There were far more pressing matters at hand, undoubtedly. Still, Rasp couldn’t move past the nauseating feeling churning in the pit of stomach until he knew for certain. “Did you just…eat him?”

Father confirmed Rasp’s suspicions with a snap of his bill.

Rasp attempted to process this shocking information. Unfortunately, this involved stating all of it out loud. “You’re a bird, who used to be human. Who just ate a mouse, that was actually a person.”

“Rasp,” Faris called, trying to snap him out of it.

Unfortunately, there would be no snapping of anything. Rasp feared his mind had beat Faris to it. “On the scale of cannibalism, I think this might be a six.” He listened to his father’s resulting protest before nodding his head in stunned agreement. “You know what, I’ll give it to you. It’s a seven.”

“I can’t believe I’m saying this,” Faris said, touching Rasp’s elbow in that concerned way friend’s do when they realize they’re the only sane one left, “but I think your father’s cannibalism is the least of our concerns right now.”

Right. Back to the hopeless reality of death and gloom. Rasp turned in Whisper’s direction as the last of his phantom vision petered out, giving way to utter darkness. Rather fitting, given the circumstances. “How do we fix this?”

To his relief, it was Whisper who answered. Well, relieved until the weight of their words settled, at least. After that, there would be no relief. “We don’t. There isn’t time.” Whisper’s voice was weak and writhing with agony. “We have to move before our pursuers realize they no longer have eyes on our location.”

“And then what?”

“I am going into a state of stasis within your pack.”

Terrible start so far. Rasp hoped that whatever Whisper said next, it would be better and, most importantly, not delivered in riddle form. He really hated that.
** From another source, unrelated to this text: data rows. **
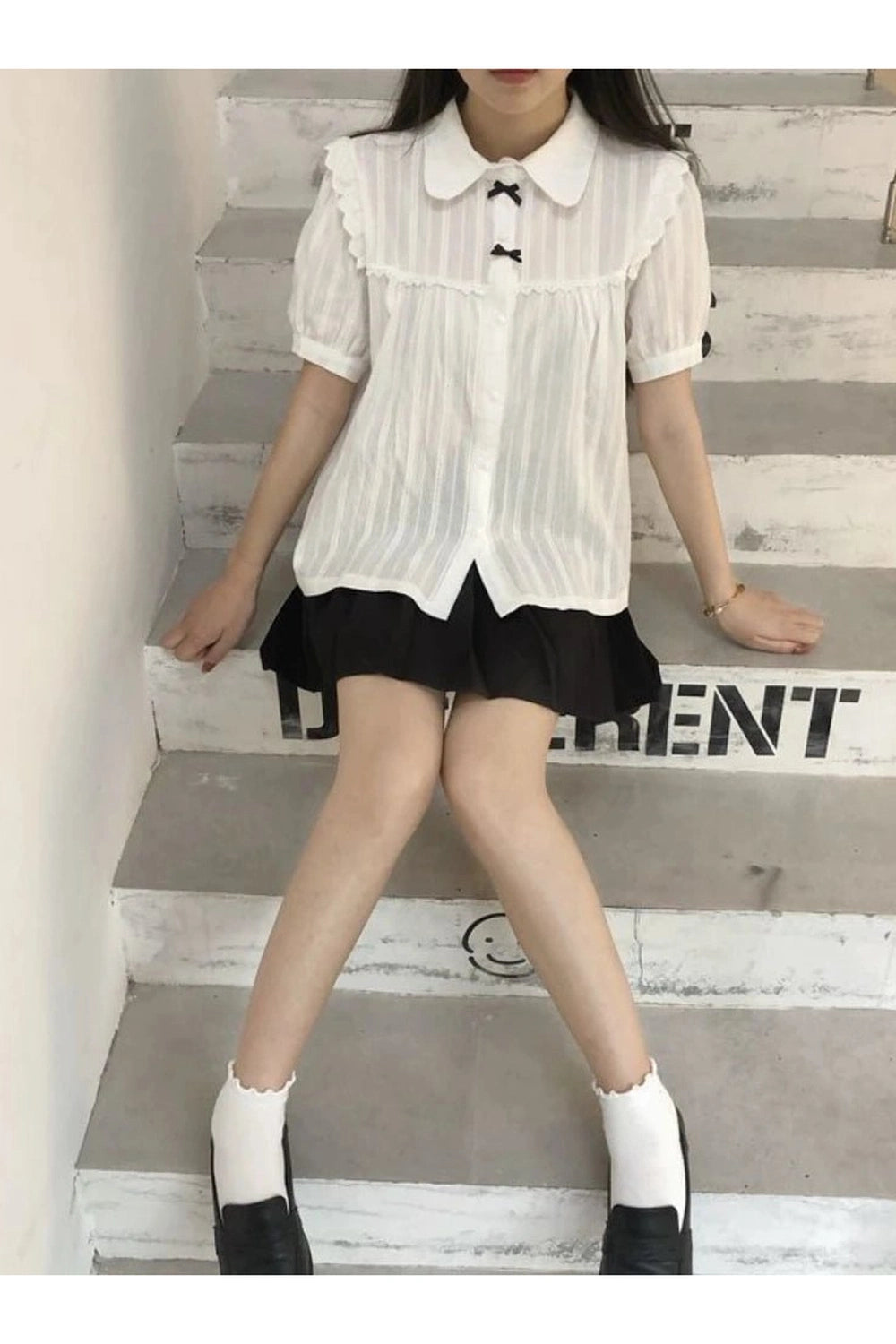 White Lace Peter Pan Blouse Shoptery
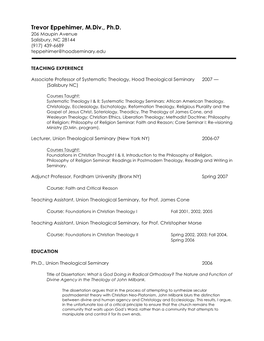Trevor Eppehimer, M.Div., Ph.D. 206 Maupin Avenue Salisbury, NC 28144 (917) 439-6689 Teppehimer@Hoodseminary.Edu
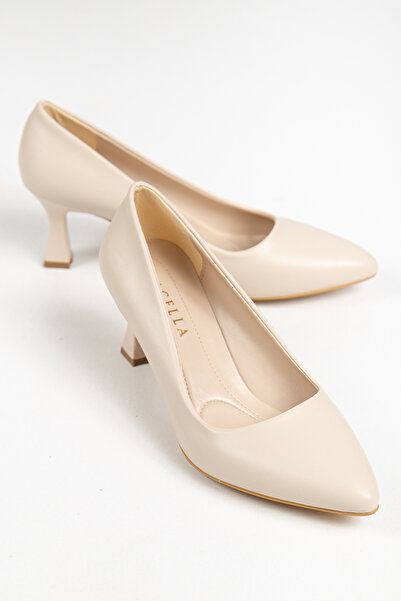 macella Li̇li̇th Women's Beige Pointed Toe Block Heel Shoes – Stylish and Comfortable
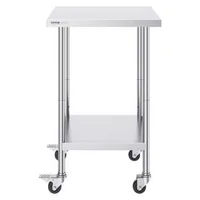 Masă-de-lucru-mobilă-pătrată-61x61-cm-oțel-inoxidabil-cu-roți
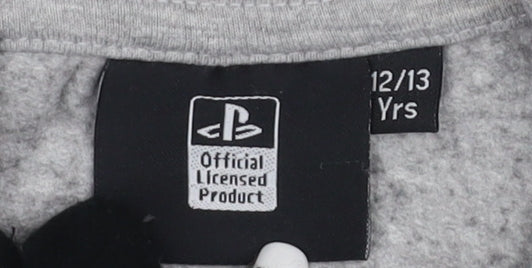 PlayStation Boys Grey and Blue Pullover Hoodie 12-13 Years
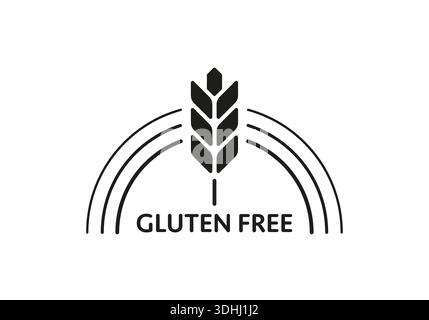 Halbkreisförmig glutenfrei. Glutenfreier Aufkleber auf weißem Hintergrund. Glutenfreies Konzept Stock Vektor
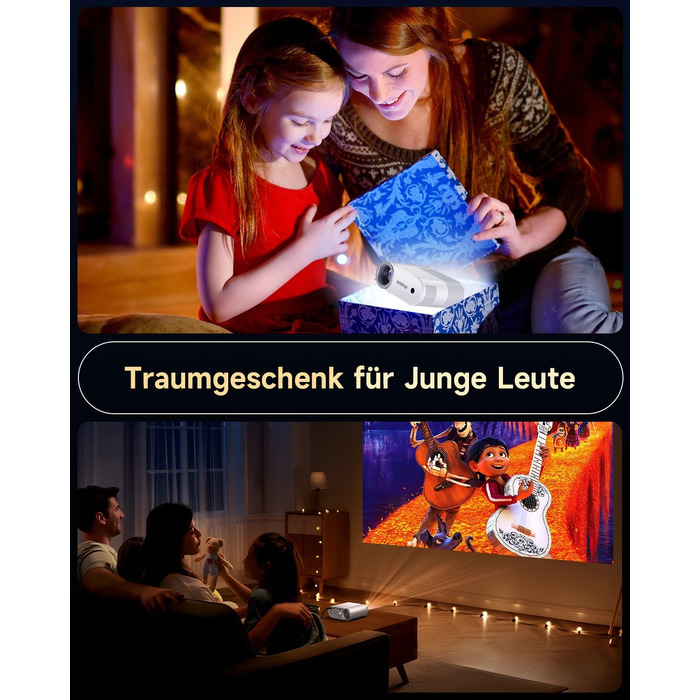 Міні проєктор Beamer Bluetooth WiFi 1080P: Підтримка iPhone/Android, HDMI, USB, Fire Stick, PS5. Компактний проєктор для телефону, фільмів, дому та відпочинку на природі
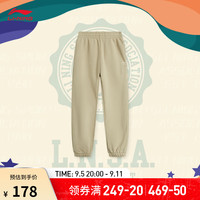 李宁 LI-NING童装束脚卫裤男大童24秋季纯色百搭弹力柔软运动裤子YKLU253 中卡其-2 130cm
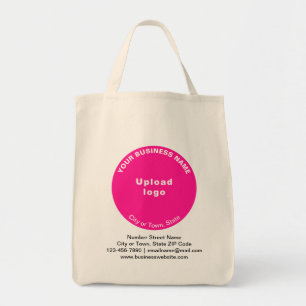 Tote Bag Brasserie en forme ronde rose sur l'alimentation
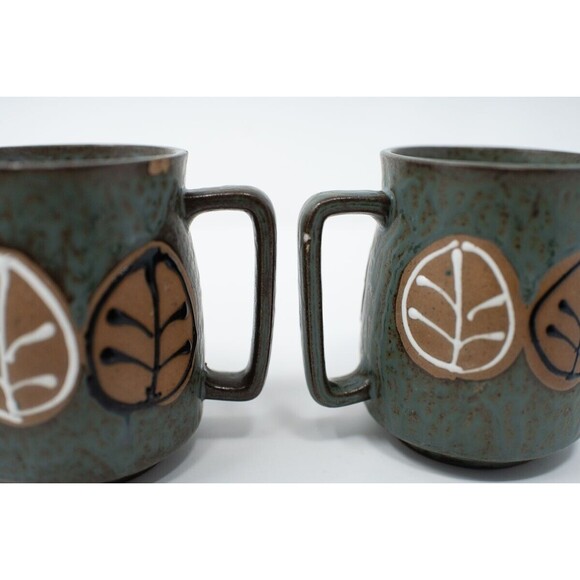 Pair Vintage Leaf Mug Japanese Stoneware Leaf Coffee Cup Japan redware - Picture 3 of 5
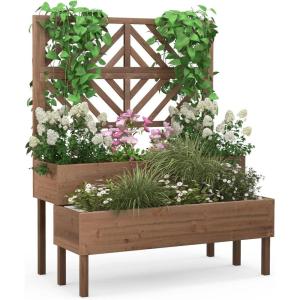 Giantex Raised Garden Bed with Trellis, 2-Tier Wooden Planter Box with Legs and Drain Holes, Garden Trellis for Vine Fruit Vegetable Flower Herb, Outdoor Elevated Garden Bed (Brown)(Brown)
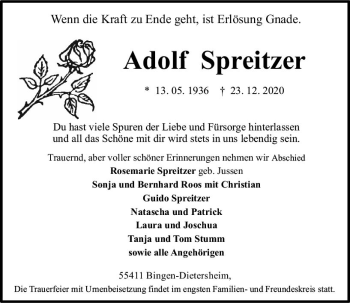 Traueranzeige von Adolf Spreitzer von vrm-trauer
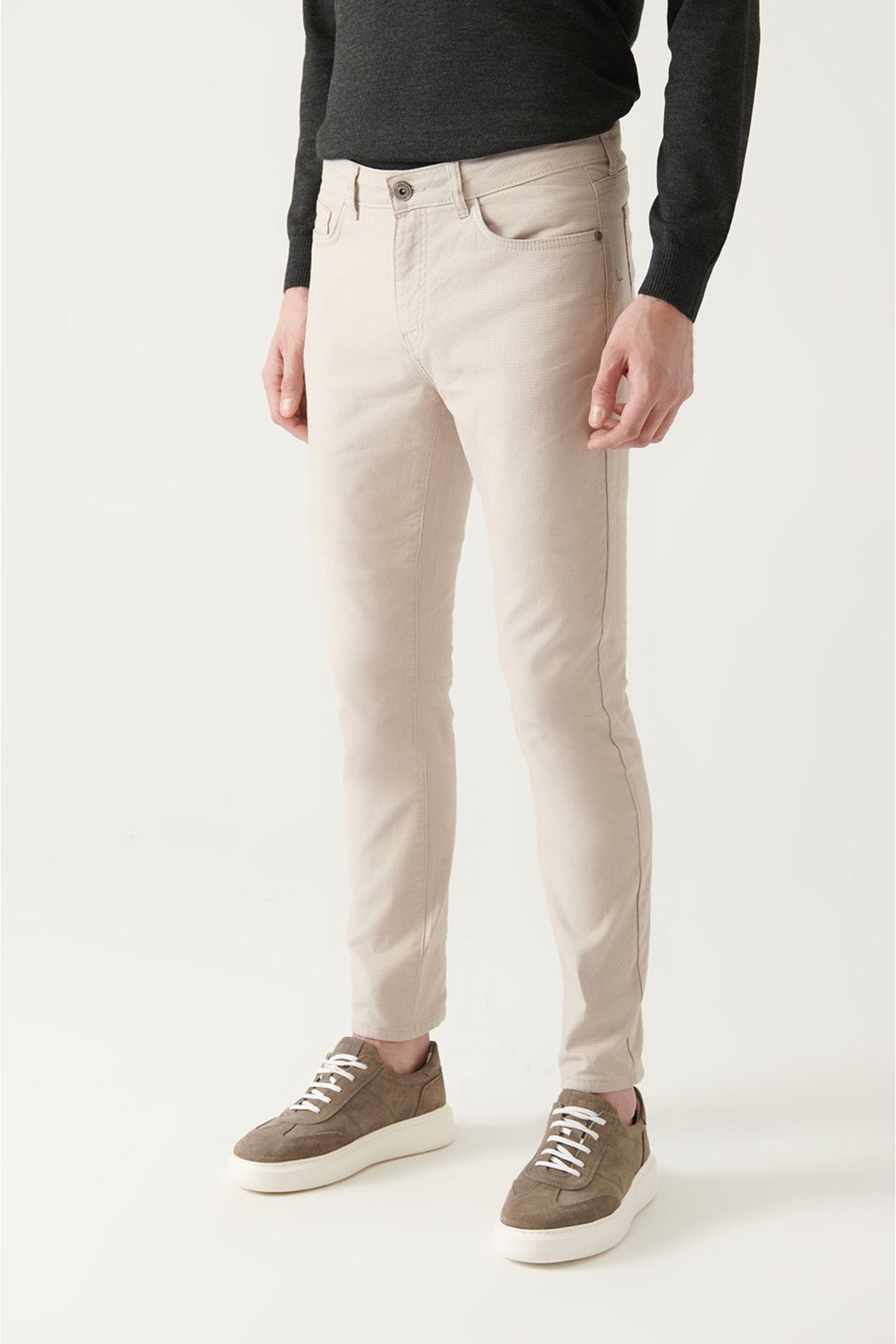 Avva Erkek Bej 5 Cepli Pamuklu Likralı Slim Fit Pantolon B003001 AN8745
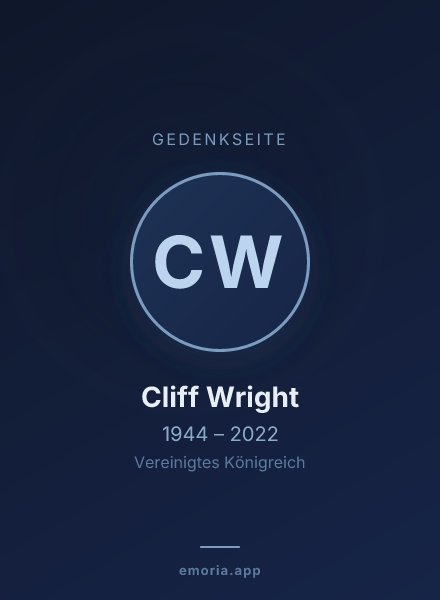 Gedenkportrait von Cliff Wright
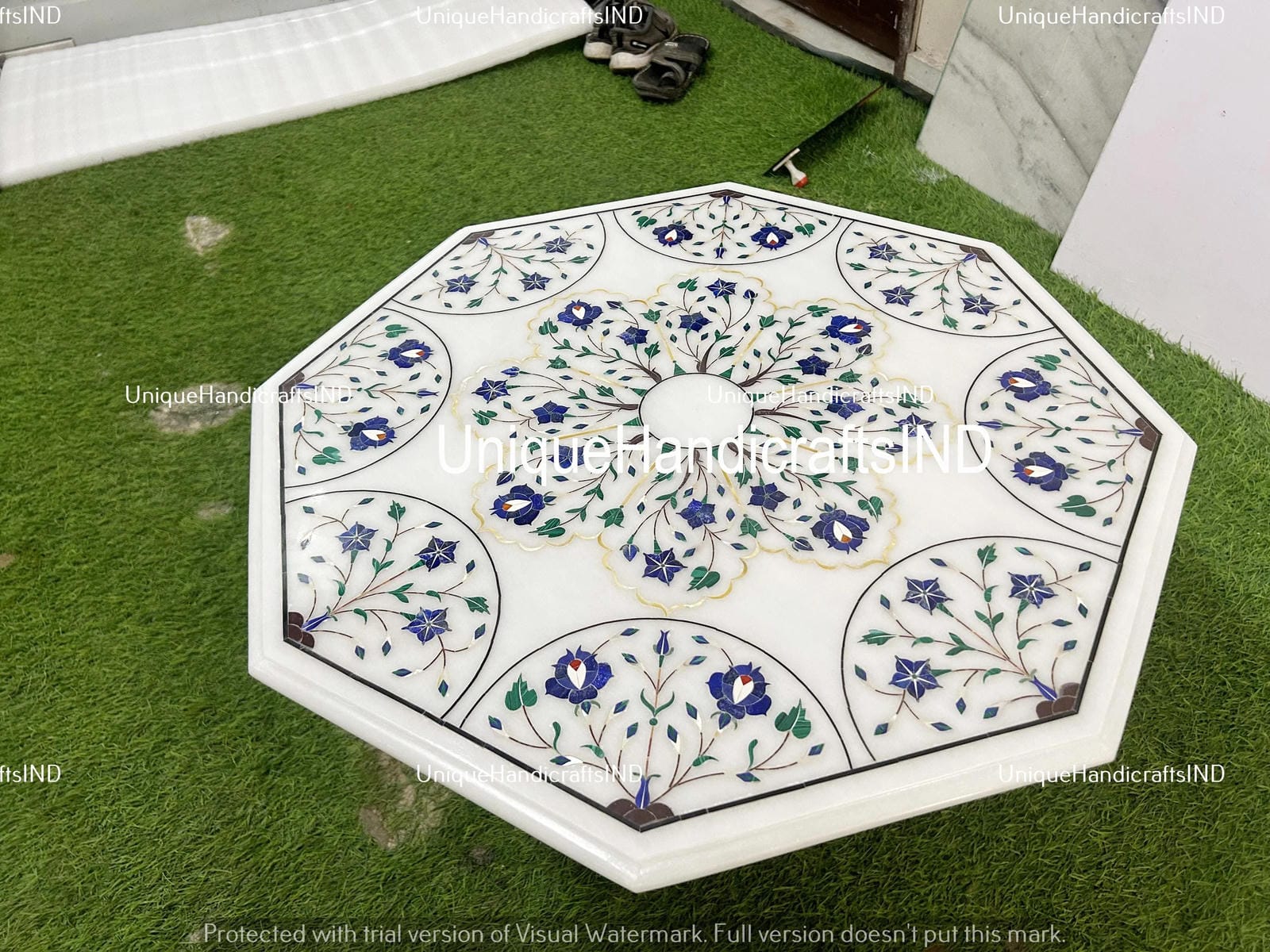 Coffee Table Top, White Marble table top with Lapis Lazuli Inlaid Floral Pietra dura  Art Home Decor Interior Unique Handicrafts IND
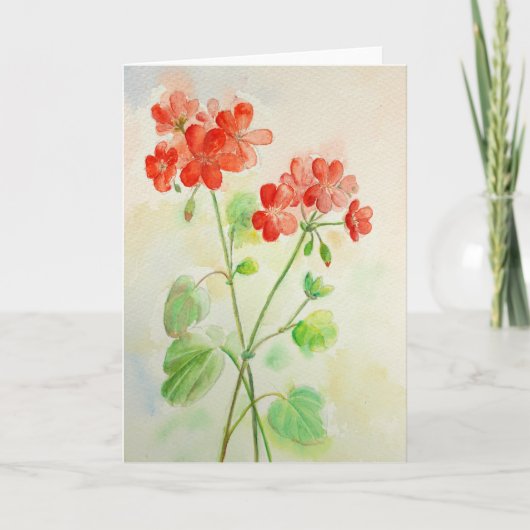 Wenskaart van de Geranium van de waterverf het Kaart (Voorkant)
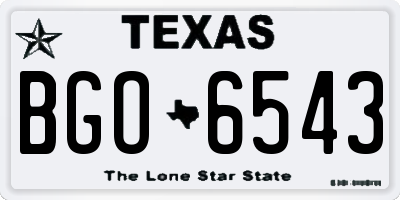 TX license plate BGO6543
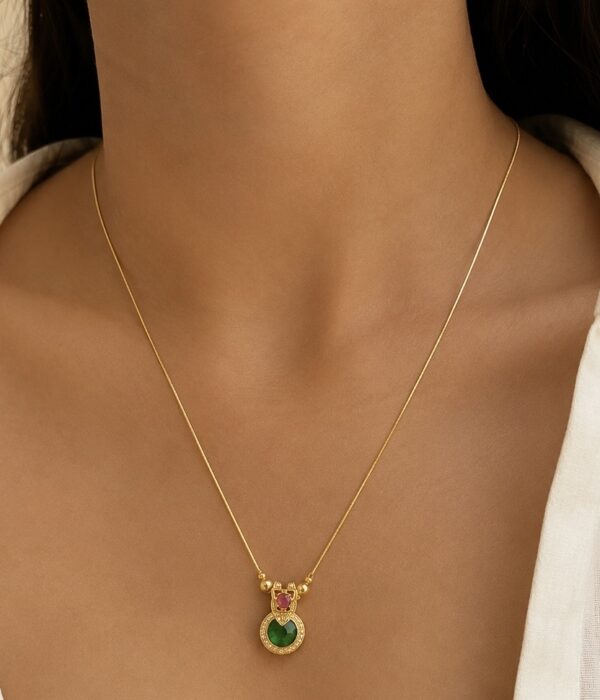 Emerald Heart Charm Chain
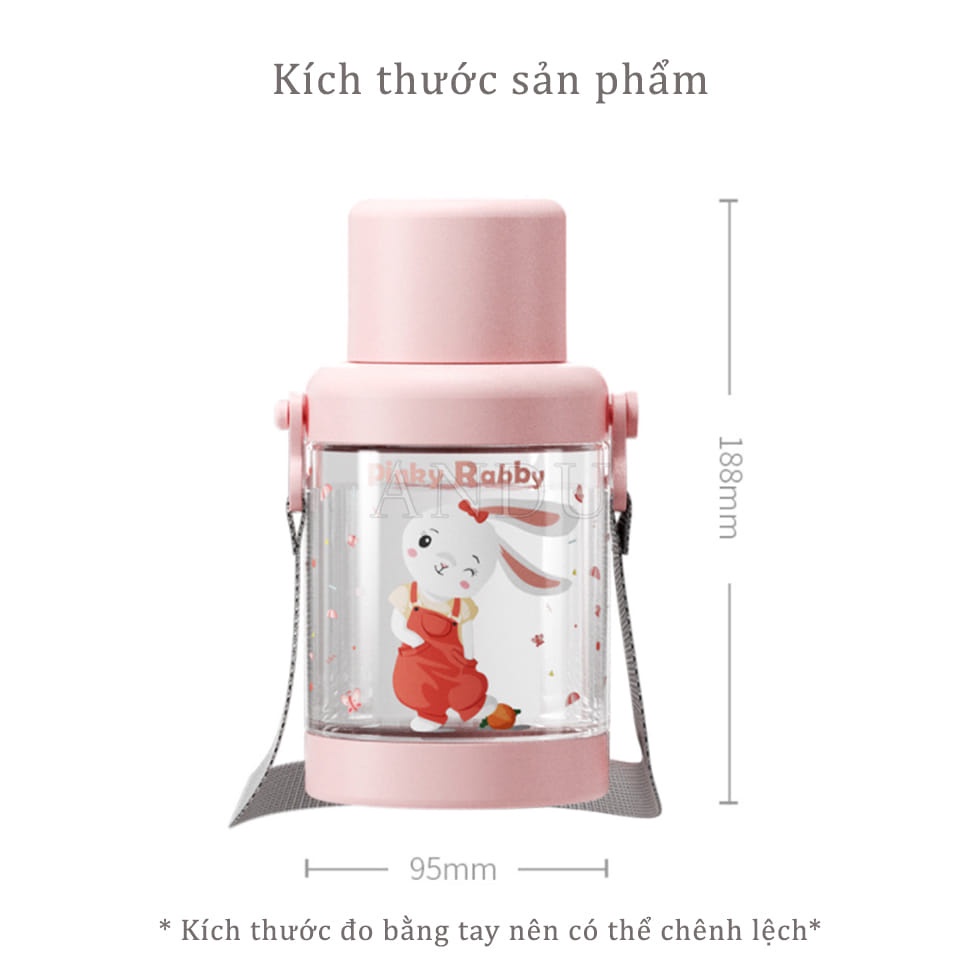 Bình Nước 1000ml Có Ống Hút, Bình Uống Nước Có Quai Sách Mang Đi Tiện Dụng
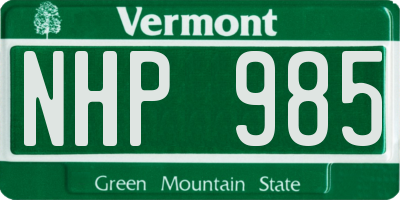 VT license plate NHP985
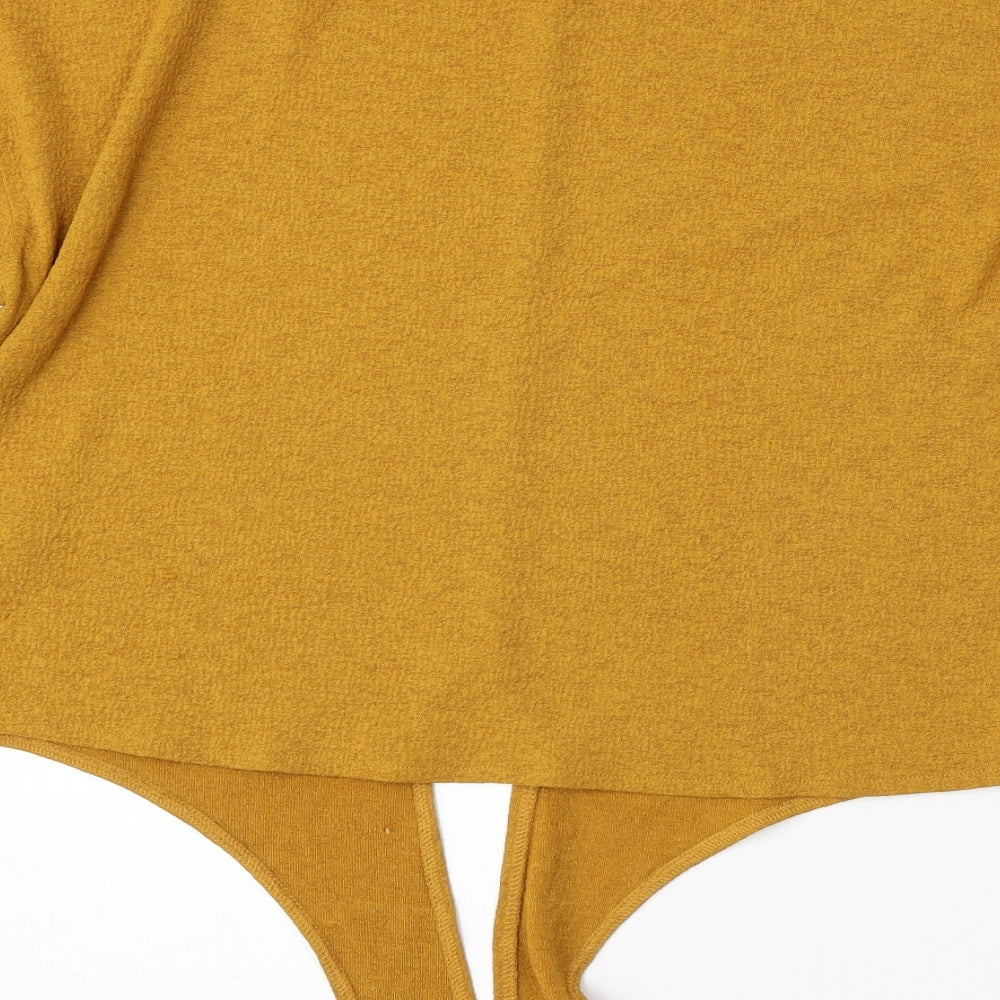 H&M Womens Yellow Round Neck Polyester Pullover Jumper Size S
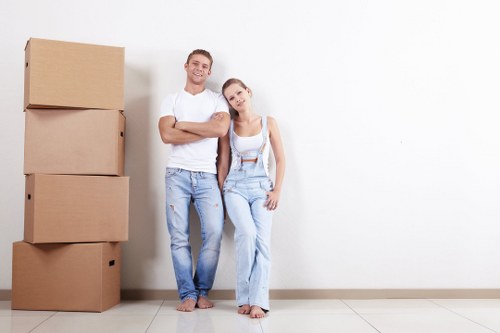 Business relocation team managing office furniture move in Barkingside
Clear cut instructions were the only way to go.

“At which point,” Whisper said between small gasps for breath, “you may have to try your hand at taking charge in my absence.”

The impossible weight of responsibility settled onto Rasp’s impetuous shoulders. Other than being born with a natural capacity for ordering others about, he didn’t know the first thing about being a leader. Somewhere, beyond the veil of space and time, he felt the cruel face of fate smiling down upon him, elated that he’d finally exhausted his ability to run. There was no other option now. The sixth son of a mighty Stoneclaw warrior, bearer of the silver-hair, was being called to step up and accept the role assigned to him.

Dear gods, Rasp thought as the overwhelming urge to crawl into a hole and hide swept over him. Why couldn’t it have been a damn riddle instead?